With the current placement, the sub's bass muddles the left satellite's output. And it produces less bass as it is not on a proper surface. Keep it on the floor and do not worry about dust. (just clean it regularly)


----------



## Sarath (Aug 27, 2011)

Does the sub need open space around it. I mean a lot of open space. My Tables design mean that it will have obstructions on all sides if placed on the floor.

I am still contemplating what to do.


----------



## MegaMind (Aug 27, 2011)

^^Jus leave a feet in front of the vent thats it...


----------



## Sarath (Aug 27, 2011)

Ok I will check if I can do that. My PC table is actually also my study table; which in fact is a huge office table. So the sub wont budge much further as the wires are already tense.

Even I felt it was not appropriate. Thanks guys for the suggestion.

Will look into ways to get the sub off my table and near my feet. Oh and BTW I have a message: "My subwoofer hates you guys "


----------



## Krow (Aug 27, 2011)

/me likes this. Good purchase.


----------



## warrior047 (Sep 12, 2011)

congrts for its a great speaker set!


----------



## fz8975 (Sep 12, 2011)

congrats for the purchase...
This kind of 'unboxing' gives very good idea for a buyer . . .


----------



## mayanksharma (Sep 13, 2011)

badhaai ho!


----------



## noob (Oct 1, 2011)

thanks..your review helped me, have ordered this one from flipkart. 


How long are the cable wires ?


----------



## bruce_batman (Oct 1, 2011)

that is a beauty u got der man!! congratz


----------



## noob (Oct 1, 2011)

bruce_batman said:


> that is a beauty u got der man!! congratz



all sub 2-3K speakers are not worth buying..gone are the good old days when Speakers like Creative SBS 370 used to provide excellent sound quality..i got it back in 2002 for 1450/- and used it till today....sound quality was mind blowing...recently it went kaput.....

I cant buy 5.1 system because of my room acoustics and filled up bedroom...will prefer to listen a top notch 2.1 sound quality than listening to avg 5.1 sound.

I have few questions...it says THX certified..what are the advantages of buying a THX certified system ?
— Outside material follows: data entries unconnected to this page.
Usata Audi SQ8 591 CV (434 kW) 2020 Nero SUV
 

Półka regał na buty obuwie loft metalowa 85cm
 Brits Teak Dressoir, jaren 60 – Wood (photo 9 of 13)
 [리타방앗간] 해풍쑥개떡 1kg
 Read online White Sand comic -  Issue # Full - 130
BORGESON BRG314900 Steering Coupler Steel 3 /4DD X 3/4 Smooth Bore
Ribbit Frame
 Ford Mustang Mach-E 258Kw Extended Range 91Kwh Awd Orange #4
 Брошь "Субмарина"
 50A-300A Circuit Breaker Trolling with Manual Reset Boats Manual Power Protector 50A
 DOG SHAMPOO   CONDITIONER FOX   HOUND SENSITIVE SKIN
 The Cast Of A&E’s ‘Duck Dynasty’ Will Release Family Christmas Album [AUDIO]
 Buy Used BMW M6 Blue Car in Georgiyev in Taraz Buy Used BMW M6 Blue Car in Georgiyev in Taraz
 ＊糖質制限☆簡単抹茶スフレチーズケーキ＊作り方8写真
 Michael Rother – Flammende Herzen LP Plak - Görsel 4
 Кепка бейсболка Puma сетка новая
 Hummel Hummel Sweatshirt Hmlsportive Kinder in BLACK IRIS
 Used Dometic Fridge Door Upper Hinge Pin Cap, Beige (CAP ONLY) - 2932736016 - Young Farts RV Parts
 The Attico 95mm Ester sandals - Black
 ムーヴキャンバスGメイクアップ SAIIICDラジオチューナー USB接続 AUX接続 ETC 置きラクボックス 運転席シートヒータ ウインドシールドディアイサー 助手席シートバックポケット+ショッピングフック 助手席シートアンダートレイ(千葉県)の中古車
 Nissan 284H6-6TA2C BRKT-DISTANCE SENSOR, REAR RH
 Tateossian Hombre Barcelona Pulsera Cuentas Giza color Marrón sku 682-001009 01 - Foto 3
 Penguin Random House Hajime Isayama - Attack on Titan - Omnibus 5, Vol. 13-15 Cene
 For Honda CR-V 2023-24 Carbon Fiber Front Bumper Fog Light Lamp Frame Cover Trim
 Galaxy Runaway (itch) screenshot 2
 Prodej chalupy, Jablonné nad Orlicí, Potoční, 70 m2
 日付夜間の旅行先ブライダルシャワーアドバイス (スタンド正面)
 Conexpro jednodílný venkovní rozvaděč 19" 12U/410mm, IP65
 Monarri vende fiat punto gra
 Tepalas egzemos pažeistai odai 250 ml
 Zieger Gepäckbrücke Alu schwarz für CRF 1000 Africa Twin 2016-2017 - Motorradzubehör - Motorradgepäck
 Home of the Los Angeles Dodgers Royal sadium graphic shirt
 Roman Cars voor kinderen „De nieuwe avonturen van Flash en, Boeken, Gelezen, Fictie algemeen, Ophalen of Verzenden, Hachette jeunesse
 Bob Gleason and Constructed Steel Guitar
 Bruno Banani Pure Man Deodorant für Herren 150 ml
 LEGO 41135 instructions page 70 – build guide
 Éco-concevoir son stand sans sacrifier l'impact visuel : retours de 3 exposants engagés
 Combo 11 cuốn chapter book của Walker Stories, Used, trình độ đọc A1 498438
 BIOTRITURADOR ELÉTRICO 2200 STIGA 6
Do i need a game with THX sound certification to enjoy the sound to the best ..what about movies and esp songs ? A friend of mine says that to truly enjoy THX sound , you need THX certified sound card and THX source ( thx games,movies with thx sound) .etc..he says normal mp3 playback wont be benefited from THX certification..


----------



## Sarath (Oct 1, 2011)

^ I didn't dig in too much into the THX stuff. Even if I did I don't remember much. 
I vaguely remember it means that the sound is reproduced true to the source accurately (how it was recorded). It might need a thx soundcard etc but it sounds pretty good without it too and on mp3 players also.


----------



## noob (Oct 1, 2011)

Thanks..are you still using the same ? was it  packed properly by flipkart? it should be heavy  and we all know how the Courier guys handle stuffs these days.


----------



## rajnusker (Oct 2, 2011)

Congrats on your purchase.


----------



## Skud (Oct 2, 2011)

Nice Sarath, enjoy!!!


----------



## red dragon (Oct 2, 2011)

Congrats!Good indeed!!


----------



## Sarath (Oct 2, 2011)

noob said:


> Thanks..are you still using the same ? was it  packed properly by flipkart? it should be heavy  and we all know how the Courier guys handle stuffs these days.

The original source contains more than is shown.